*** Provided data Section Begins ***
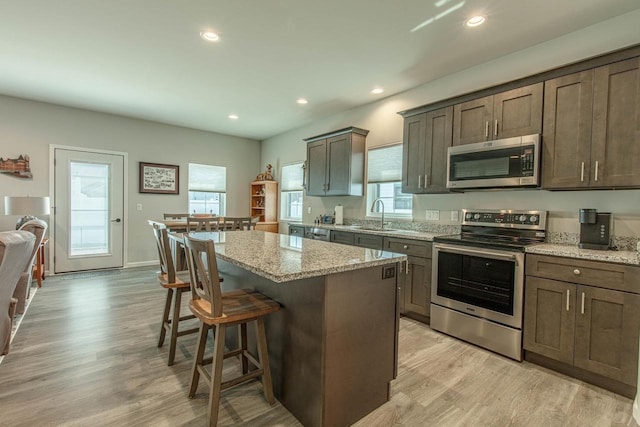 kitchen featuring a wealth of natural light, appliances with stainless steel finishes, a kitchen island, and light stone counters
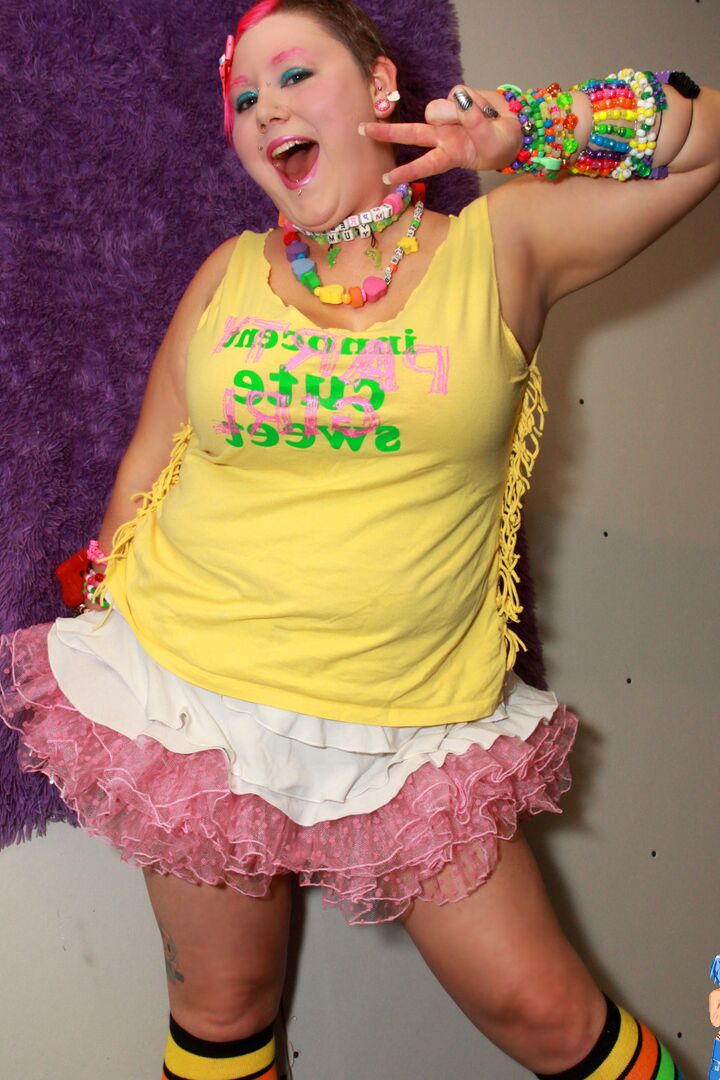 15P Fat girl Tanqueray unleashes her large boobs wearing multi-colored knee socks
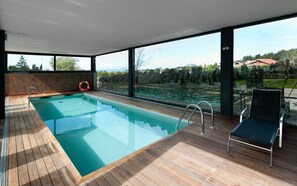 A modern indoor swimming pool with clear glass walls, wooden deck, and a lounge chair. - Mas Albereda (Sant Julia de Vilatorta)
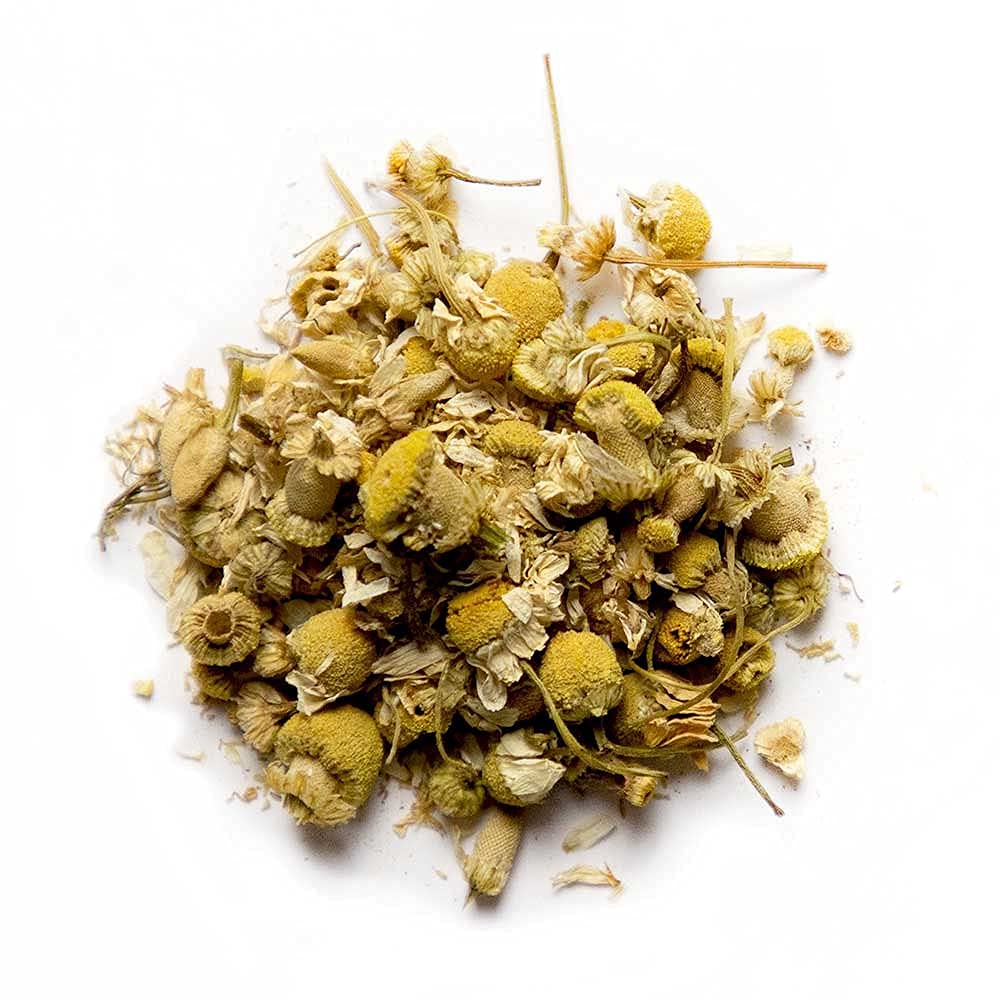 Nature Restore chamomile dried flowers – close-up of delicate blossoms ready for tea.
*** Provided data Section Ends ***
### Work task
Output each line above exactly as it stands, omitting the pictures.

### Finished exercise
 kitchen featuring a wealth of natural light, appliances with stainless steel finishes, a kitchen island, and light stone counters
 15P Fat girl Tanqueray unleashes her large boobs wearing multi-colored knee socks
 A modern indoor swimming pool with clear glass walls, wooden deck, and a lounge chair. - Mas Albereda (Sant Julia de Vilatorta)
 Nature Restore chamomile dried flowers – close-up of delicate blossoms ready for tea.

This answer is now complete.